パソコンに向かうのは、会計担当の農協職員。突っ伏して笑う訪問先の家のおばちゃんの様子から、うまくコミュニケーションをとってくれていることがわかります。彼女は、パソコンの操作には慣れているので、さらに会計作業に役立つ数式やショートカットなどをどんどん覚えていってほしいです。
他にも、常に農協に居なければいけない警備担当の職員も参加できるよう他の職員が彼と交代で警備をしたり、パソコンが苦手な職員をサポートができるようにチームメンバーを交代したりと、彼ら・彼女らのチームワークも垣間見れた1ヶ月でした。
数ヶ月後には、家畜の子が生まれ始め、それらの把握・返却*が始まるので、より正確な記録と共有、チームワークが重要になってきます。
(*本事業では、支援で渡した家畜の頭数と同じ頭数を農協に返却してもらい、返却した家畜を、農協が次の世帯に支援します。)

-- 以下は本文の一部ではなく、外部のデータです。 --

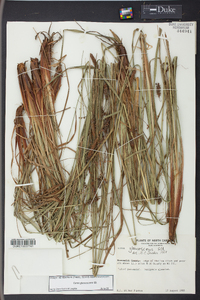 Carex glaucescens image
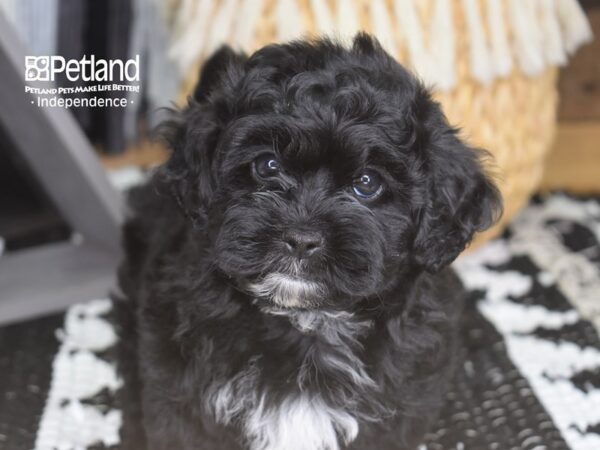 Pekapoo-DOG-Female--4233-Petland Independence, Missouri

事業開始当初は、彼ら・彼女らの人柄もわからず、どんなチームになるのか未知数でしたが、それから半年が経って、職員たちがお互いに協力し合っている姿を見て、いいチームになるだろう、と頼もしい気持ちになりました。農協と新しい職員たちの力が合わさり、農協がよりしなやかに運営されていくよう、引き続きサポートしていく予定です。